Our study also suggested new therapeutic opportunities for the higher-risk patients. For example, we discovered that the exhaustion of innate immunity components was correlated with prognostic risk. The natural killer cells are lymphocytes that can recognize transformed cells via surface receptor interaction. It has been shown in a recent publication [38] that the activation of natural killer cells promotes the efficacy of LUAD immunotherapy in mouse model by enhancing the adaptive immune responses. The abundance of mast cells was shown to be positively correlated with the survival of early-stage LUAD patients, and mast cells-related gene signatures can be used for predicting survival probabilities [39]. Moreover, it has been reported that the interaction between mast cells and natural killer cells is critical for anti-viral defense [40]. Whether there exist similar interactions important for anti-LUAD effect warrants experimental investigations.

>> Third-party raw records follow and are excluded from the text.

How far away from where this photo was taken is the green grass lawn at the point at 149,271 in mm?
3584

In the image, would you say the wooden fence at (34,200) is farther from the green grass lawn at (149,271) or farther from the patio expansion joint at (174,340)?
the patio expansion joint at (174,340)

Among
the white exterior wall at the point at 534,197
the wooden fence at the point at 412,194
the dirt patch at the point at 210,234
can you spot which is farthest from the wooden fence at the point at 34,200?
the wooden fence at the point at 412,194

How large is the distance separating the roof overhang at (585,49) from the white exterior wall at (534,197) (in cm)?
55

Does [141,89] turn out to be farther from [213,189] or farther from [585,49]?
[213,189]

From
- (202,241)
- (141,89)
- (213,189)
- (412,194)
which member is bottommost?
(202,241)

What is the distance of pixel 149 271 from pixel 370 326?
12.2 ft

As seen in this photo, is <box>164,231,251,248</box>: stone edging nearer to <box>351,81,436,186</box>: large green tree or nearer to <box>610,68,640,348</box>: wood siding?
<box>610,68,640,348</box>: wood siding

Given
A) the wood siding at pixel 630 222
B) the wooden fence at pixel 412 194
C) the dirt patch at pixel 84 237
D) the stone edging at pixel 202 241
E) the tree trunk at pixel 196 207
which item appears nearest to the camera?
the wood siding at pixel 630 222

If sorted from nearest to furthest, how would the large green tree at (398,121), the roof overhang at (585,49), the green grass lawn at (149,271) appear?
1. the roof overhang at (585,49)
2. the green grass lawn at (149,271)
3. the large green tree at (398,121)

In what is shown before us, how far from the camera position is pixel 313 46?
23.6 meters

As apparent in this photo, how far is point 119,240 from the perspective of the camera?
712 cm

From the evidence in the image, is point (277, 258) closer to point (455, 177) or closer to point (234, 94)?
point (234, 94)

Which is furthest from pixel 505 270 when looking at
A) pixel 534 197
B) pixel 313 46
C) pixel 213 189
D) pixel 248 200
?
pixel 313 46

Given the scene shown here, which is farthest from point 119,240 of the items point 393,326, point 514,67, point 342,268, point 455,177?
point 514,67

Our proposed score included the expression profile of 13 genes and somatic mutation profile of 10 genes. We recognized that this is a relatively large panel of testing which involves both expression and mutation measurements. However, there already exists multi-panel testing technologies that can be readily translated for the score. For example, a 21-gene expression panel (Oncotype DX) based on qRT-PCR platform has already been made for clinical use to inform breast cancer treatment [41]. For mutational testing, a 324 gene panel (FoundationOne CDx )[42] based on next-generation sequencing (NGS) platform was approved for clinical genetic testing by FDA recently. We thus think the score has potential to be cost-effective with these multi-panel testing technologies.

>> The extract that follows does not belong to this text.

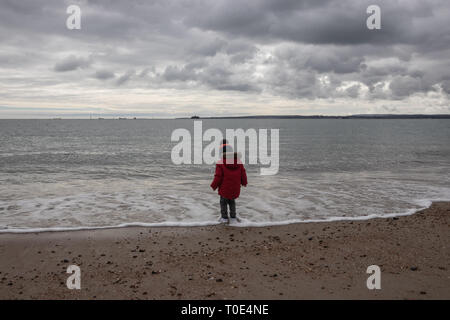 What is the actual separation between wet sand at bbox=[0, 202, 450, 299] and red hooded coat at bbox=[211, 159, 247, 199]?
1.03 m

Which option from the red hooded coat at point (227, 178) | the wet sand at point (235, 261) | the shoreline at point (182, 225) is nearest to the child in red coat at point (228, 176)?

Our study has limitations. First, the combinatorial models developed in this study were based on features already selected by models based on individual type of input data, using the same training dataset. This introduced more overfitting and could possibly cause the failure of selecting truly important combinatorial models. Second, the feature pre-selection method remains to be improved. We performed univariate Cox analysis to pre-select important features, and this method only provided a slight improvement for models based on single-type variables. Third, the EFS outcome we defined in this study included death from any causes. We recognized that including death not related to lung cancer could bias EFS estimates, but such detail information was not available from TCGA clinical dataset. We mitigated this by further evaluating the score on RFS analysis. Fourth, all analyses were performed on TCGA-LUAD dataset. More external validations should be made before considering clinical translation of the score.

Conclusions

In summary, our study proposed a novel prognostic risk score integrating clinicopathologic variables, gene expression, and mutation data for LUAD. The score was useful for both EFS and RFS analyses.